DIRECTIONS FOR THIS TASK: The response should contain all of the data below, reproduced exactly, and no pictures.
START PROVIDED MATERIAL
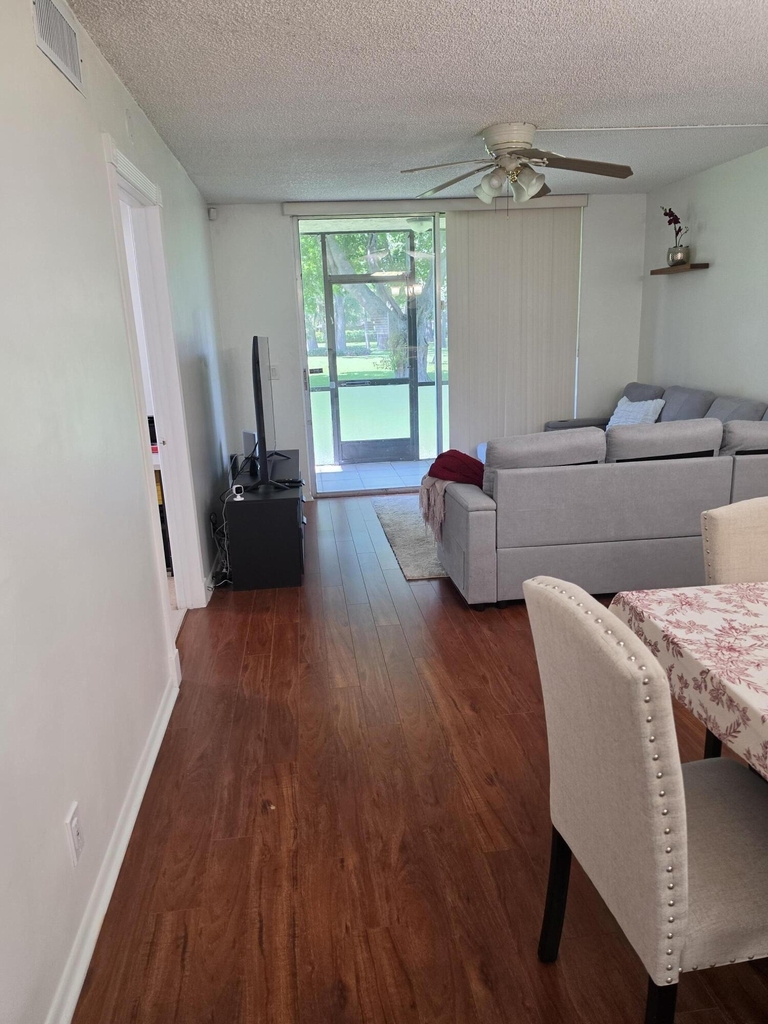 7720 Nw 50th Street - Photo 10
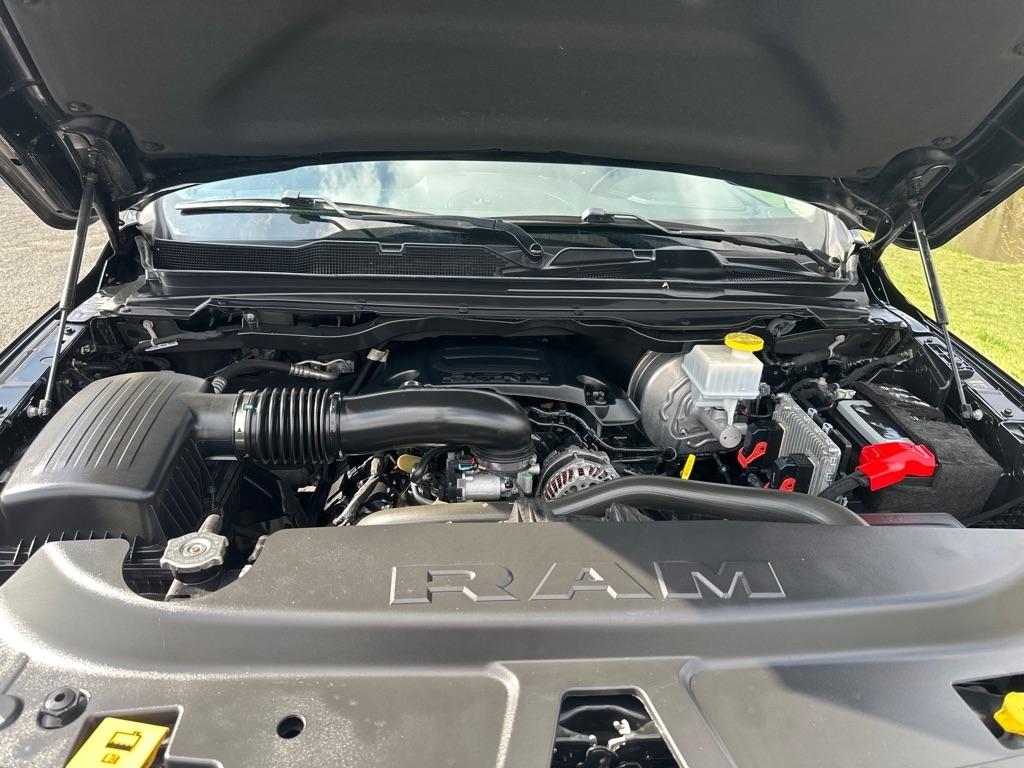 RAM 1500 Laramie 4x4 Crew Cab 5'7" Box 2022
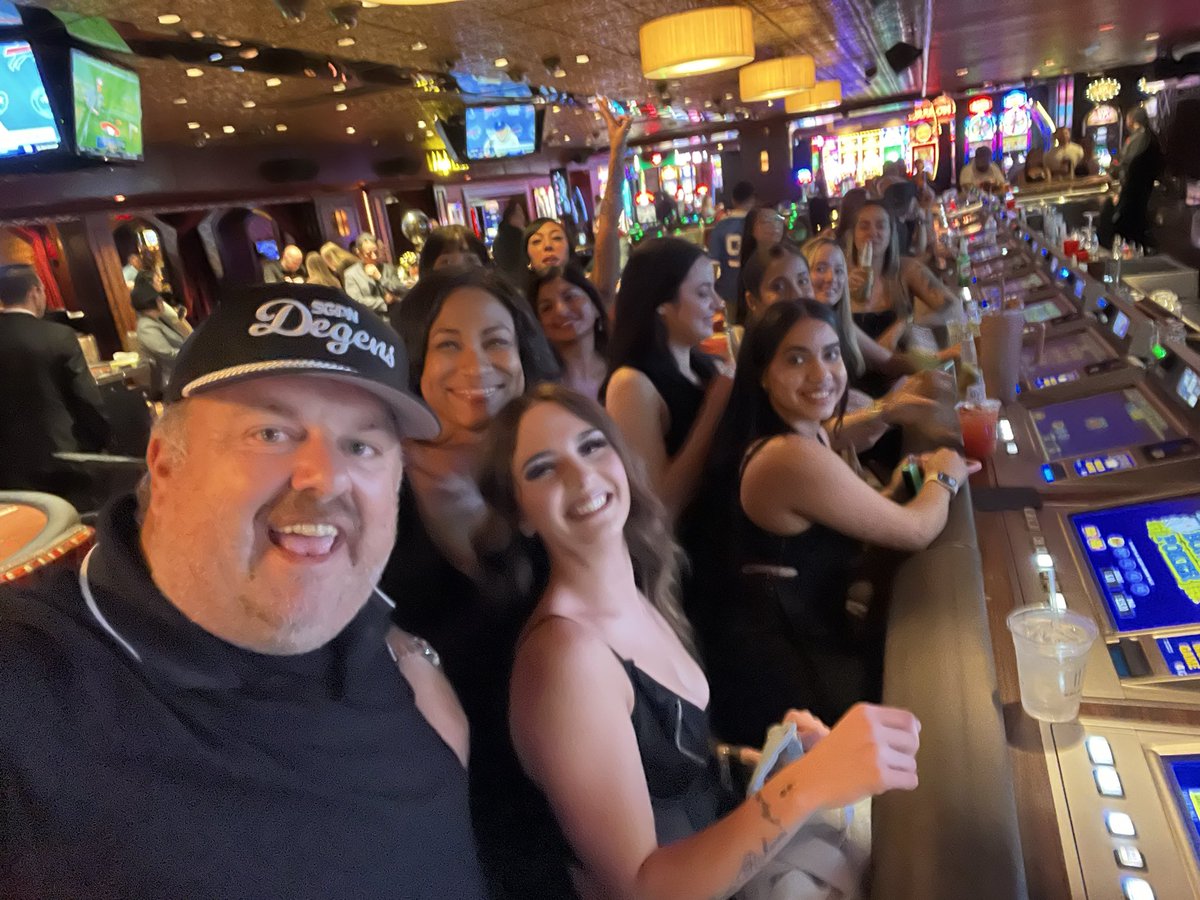 CJSullivan_'s tweet photo. @VitalVegas @GoldenGateVegas They are all good gals that will wind up on their feet. Glad I could ease their suffering a bit. #ManInTheBox #CompassionateMan https://t.co/VN09BicDGS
END PROVIDED MATERIAL
EXPECTED OUTPUT:
 7720 Nw 50th Street - Photo 10
 RAM 1500 Laramie 4x4 Crew Cab 5'7" Box 2022
 CJSullivan_'s tweet photo. @VitalVegas @GoldenGateVegas They are all good gals that will wind up on their feet. Glad I could ease their suffering a bit. #ManInTheBox #CompassionateMan https://t.co/VN09BicDGS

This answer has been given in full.